Clustering - Image Compression with K-Means
I’m going to use K-Means Clustering to compress an image. This process works by clustering the pixels together and then changing the pixels to be the cluster centers. To do this I will be using a picture of my cat Boogz.
from PIL import Image
import numpy as np
import matplotlib.pyplot as plt
from sklearn.cluster import KMeans
image = Image.open('boogz.jpeg')
h = np.array(image).shape[0]
w = np.array(image).shape[1]
new_images = []
for k in [2, 4, 8, 16]:
kmeans = KMeans(n_clusters = k)
kmeans.fit(np.array(image).reshape(h * w, 3))

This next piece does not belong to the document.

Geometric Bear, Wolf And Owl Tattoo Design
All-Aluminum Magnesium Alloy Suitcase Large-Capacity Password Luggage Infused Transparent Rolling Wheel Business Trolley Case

preds = kmeans.predict(np.array(image).reshape(h * w, 3))
new_image = np.array([kmeans.cluster_centers_[x] for x in preds])
new_images.append(new_image)
fig = plt.figure(figsize = (12, 6))
plt.subplots_adjust(hspace=0.4)
ax1 = plt.subplot(2, 3, 1)
ax1.imshow(np.array(image))
plt.title('Original Image')
ax2 = plt.subplot(2, 3, 2)
ax2.imshow(new_images[0].reshape(h, w, 3).astype(int))
plt.title('2 Clusters')
ax3 = plt.subplot(2, 3, 3)
ax3.imshow(new_images[1].reshape(h, w, 3).astype(int))
plt.title('4 Clusters')
ax4 = plt.subplot(2, 3, 4)
ax4.imshow(new_images[2].reshape(h, w, 3).astype(int))
plt.title('8 Clusters')
ax5 = plt.subplot(2, 3, 5)
ax5.imshow(new_images[3].reshape(h, w, 3).astype(int))
plt.title('16 Clusters')
We see 8 and 16 clusters look about the same as the original image. The table below shows the size of each image.
Clusters | Size |
---|---|
2 | 22 KB |
4 | 36 KB |
8 | 58 KB |
16 | 63 KB |
Original | 78 KB |